The National Institute of Standards and Technology has released a draft companion to its Cybersecurity Framework, specifically addressing the cybersecurity challenges posed by artificial intelligence. This new profile outlines how organizations can manage AI-related security risks, enhance their cybersecurity defenses using AI, and prevent AI-driven cyberattacks. Barbara Cuthill, one of the authors of the profile, noted that organizations are increasingly encountering AI in various capacities, necessitating a comprehensive approach to all three focus areas: secure, defend, and thwart. The profile details AI-specific considerations for each component of the Cybersecurity Framework, covering critical areas such as intrusion detection and supply chain security. Organizations are invited to provide feedback on the draft by January 30, 2026, following a virtual workshop scheduled for January 14.
New data reveals that while large language models are advancing, they are falling short in critical security aspects. A report by Giskard, titled “Potential Harm Assessment & Risk Evaluation,” highlights that models from major companies like OpenAI, Anthropic, and Google are still vulnerable to known exploitation techniques. In particular, Anthropic’s Claude models are outperforming others, scoring 75% to 80% against jailbreaks and nearly perfectly in avoiding harmful content generation. Contrastingly, many other models, including those from Gemini and Deepseek, scored below 50% in similar assessments. This discrepancy suggests that attention to safety and security during development phases is crucial for effective performance.
Why do we care?
NIST didn’t publish this because AI is coming.
They published it because AI is already inside security systems—and nobody agrees on who’s in charge when it does something wrong.
We’ve crossed a line where tools don’t just surface alerts. They influence—or directly trigger—responses. That’s not automation. That’s delegated judgment.
Now combine that with the Giskard data.
Some models are clearly better behaved than others. But that doesn’t solve the core problem, because behavior isn’t the same as authority. A model can be safe 80% of the time and still cause a business-ending incident at exactly the wrong moment.

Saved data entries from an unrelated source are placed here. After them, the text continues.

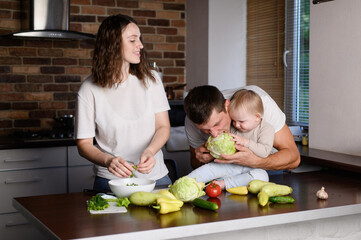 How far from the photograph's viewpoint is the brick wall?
4.26m

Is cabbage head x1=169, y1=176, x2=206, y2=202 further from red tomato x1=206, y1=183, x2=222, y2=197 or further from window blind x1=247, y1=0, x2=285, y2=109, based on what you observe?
window blind x1=247, y1=0, x2=285, y2=109

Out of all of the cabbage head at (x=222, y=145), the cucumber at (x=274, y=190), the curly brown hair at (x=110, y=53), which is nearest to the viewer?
the cucumber at (x=274, y=190)

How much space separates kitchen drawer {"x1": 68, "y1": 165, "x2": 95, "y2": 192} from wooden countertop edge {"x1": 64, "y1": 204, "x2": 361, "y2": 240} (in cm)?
224

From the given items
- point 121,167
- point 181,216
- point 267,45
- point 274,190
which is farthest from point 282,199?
point 267,45

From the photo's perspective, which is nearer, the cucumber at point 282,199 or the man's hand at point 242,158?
the cucumber at point 282,199

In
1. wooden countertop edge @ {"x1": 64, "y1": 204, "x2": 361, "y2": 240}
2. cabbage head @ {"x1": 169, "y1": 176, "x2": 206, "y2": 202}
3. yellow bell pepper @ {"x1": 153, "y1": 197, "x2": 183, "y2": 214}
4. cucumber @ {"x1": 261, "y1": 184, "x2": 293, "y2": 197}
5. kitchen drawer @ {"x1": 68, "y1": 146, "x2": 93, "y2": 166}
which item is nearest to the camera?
wooden countertop edge @ {"x1": 64, "y1": 204, "x2": 361, "y2": 240}

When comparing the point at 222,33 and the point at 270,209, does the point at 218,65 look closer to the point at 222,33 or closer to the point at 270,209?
the point at 222,33

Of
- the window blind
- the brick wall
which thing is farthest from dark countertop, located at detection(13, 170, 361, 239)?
the brick wall

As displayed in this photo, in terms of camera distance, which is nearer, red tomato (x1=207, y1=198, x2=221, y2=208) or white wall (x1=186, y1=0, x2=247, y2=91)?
red tomato (x1=207, y1=198, x2=221, y2=208)

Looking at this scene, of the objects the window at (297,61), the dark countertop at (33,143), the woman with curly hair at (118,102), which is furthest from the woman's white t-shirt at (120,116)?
the window at (297,61)

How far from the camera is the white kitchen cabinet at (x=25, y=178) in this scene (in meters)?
3.69

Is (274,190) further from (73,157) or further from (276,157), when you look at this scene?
(73,157)

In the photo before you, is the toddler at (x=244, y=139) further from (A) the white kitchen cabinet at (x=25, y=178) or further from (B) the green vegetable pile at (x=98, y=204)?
(A) the white kitchen cabinet at (x=25, y=178)

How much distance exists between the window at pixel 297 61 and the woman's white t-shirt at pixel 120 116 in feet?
6.28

Here’s the dangerous MSP behavior to watch for:
Adopting AI-powered security controls because they’re “aligned to NIST,” without redefining escalation paths, customer consent, or liability boundaries.
That’s how you end up owning a decision you didn’t explicitly make.
This matters now because frameworks like this don’t stay theoretical. They become the yardstick. When insurers ask questions. When auditors show up. When a customer’s lawyer wants to know why a system acted the way it did.
AI doesn’t reduce responsibility.
It concentrates it.
And unless MSPs are deliberate about where that responsibility lives, they’ll find themselves holding risk they never priced—and never intended to carry.